We see unmistakable the sort of universe in which we have all along been living, and must come to terms with it. If we had foolish un-Christian hopes about human culture, they are now shattered. If we thought we were building up a heaven on earth, if we looked for something that would turn the present world from a place of pilgrimage into a permanent city satisfying the soul of man, we are disillusioned, and not a moment too soon. But if we thought that for some souls, and at some times, the life of learning, humbly offered to God, was, in its own small way, one of the appointed approaches to the Divine reality and the Divine beauty which we hope to enjoy hereafter, we can think so still.
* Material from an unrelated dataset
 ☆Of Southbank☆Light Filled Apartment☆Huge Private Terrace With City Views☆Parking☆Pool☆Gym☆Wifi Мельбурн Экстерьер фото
This sermon takes place at a university and Lewis posits the questions: What is the use of beginning a task which we have so little chance of finishing? Or, even if we ourselves should happen not to be interrupted by death or military service, why should we -- indeed how can we -- continue to take an interest in these placid occupations when the lives of our friends and the liberties of Europe are in the balance? Is it not like fiddling while Rome burns?
Now it seems to me that we shall not be able to answer these questions until we have put them by the side of certain other questions which every Christian ought to have asked himself in peace-time. I spoke just now of fiddling while Rome burns. But to a Christian the true tragedy of Nero must be not that he fiddles while the city was on fire but that he fiddles on the brink of hell...
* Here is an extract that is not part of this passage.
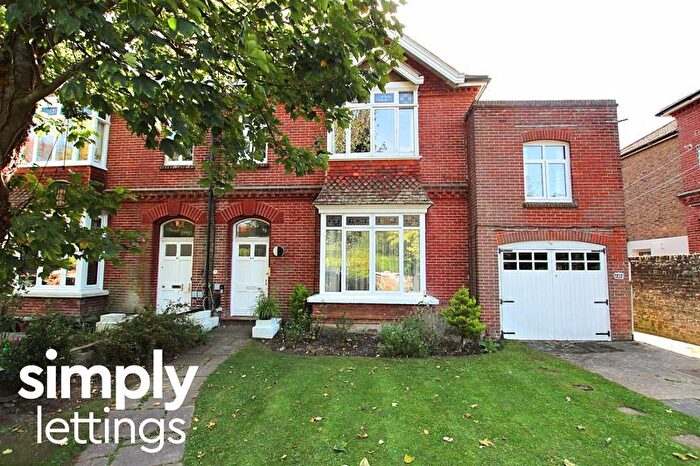 1 Bedroom Flat To Rent In Richmond Road, Worthing, BN11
...The war creates no absolutely new situation: it simply aggravates the permanent human
situation so that we can no longer ignore it. Human life has always been lived on the edge of a precipice. Human culture has always had to exist under the shadow of something infinitely more important than itself. If men had postponed the search for knowledge and beauty until they were secure the search would never have begun. We are mistaken when we compare war with "normal life". Life has never been normal. Even those periods which we think most tranquil, like the nineteenth century, turn out, on closer inspection, to be full of cries, alarms, difficulties, emergencies. Plausible reasons have never been lacking for putting off all merely
cultural activities until some imminent danger has been averted or some crying injustice put right. But humanity long ago chose to neglect those plausible reasons. They wanted knowledge and beauty now, and would not wait for the suitable moment that never come.
The realization has dawned on me that I have been lulled into a false sense of "normalcy" and if ever that rug got pulled out from underneath my feet it would be starting from March of 2020. Nothing has been the same, and nothing ever will be. My children are entering a new era as we live and breathe and observe this historic age in which we find ourselves. But do I live now with that sense of urgency to proclaim Christ, disciple my children and love my family (both spiritual and physical) well?
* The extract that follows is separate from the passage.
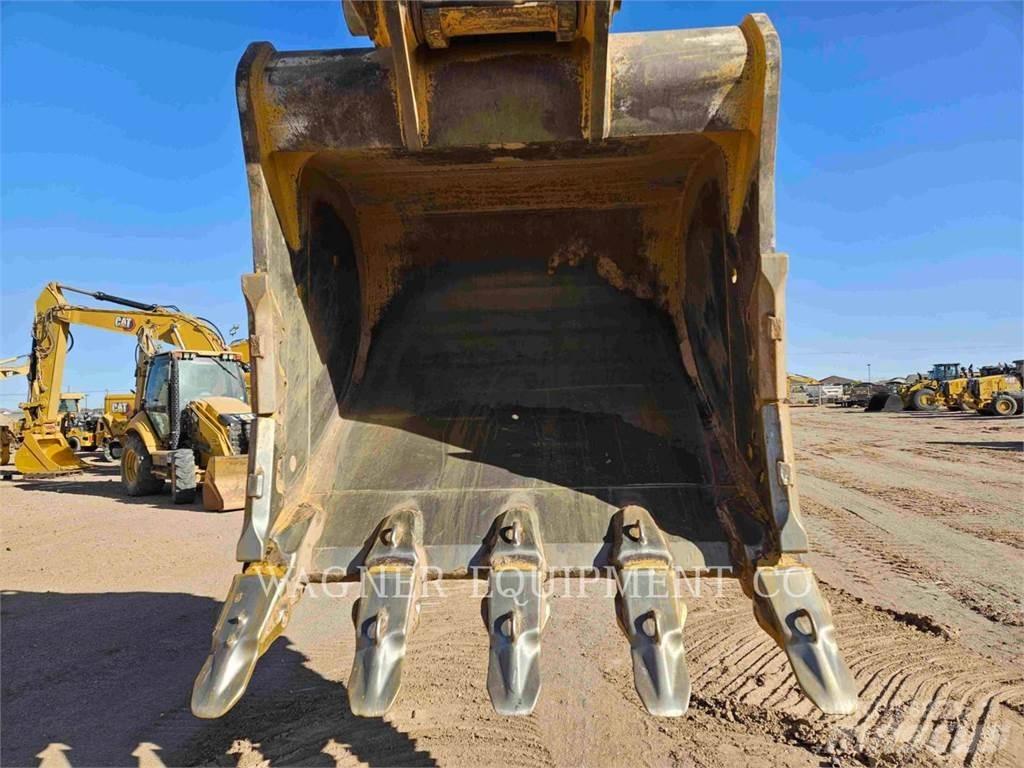 CAT 374 Bandgrävare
Obviously, I am not able to physically help with boots on the ground efforts in Eastern Europe, but I am able to offer up prayers and strive on the behalf of others. "The effective, fervent prayer of a righteous man avails much"- James 5:16b. I am told to pray and then peace will naturally guard my heart and mind {from the inevitable overwhelm that is my heart and is this world}. And Lastly: Be joyful in hope, patient in affliction, faithful in prayer. -Romans 12:12
So, if you're anything like me, feeling weary, heartsick, or brokenhearted let us then turn from this present world's darkness and seek Divine beauty as we carry on with our roles and responsibilities wherever we are. Let's cook the meals, wash the clothes, hug your babies, read the Bible, and say our prayers.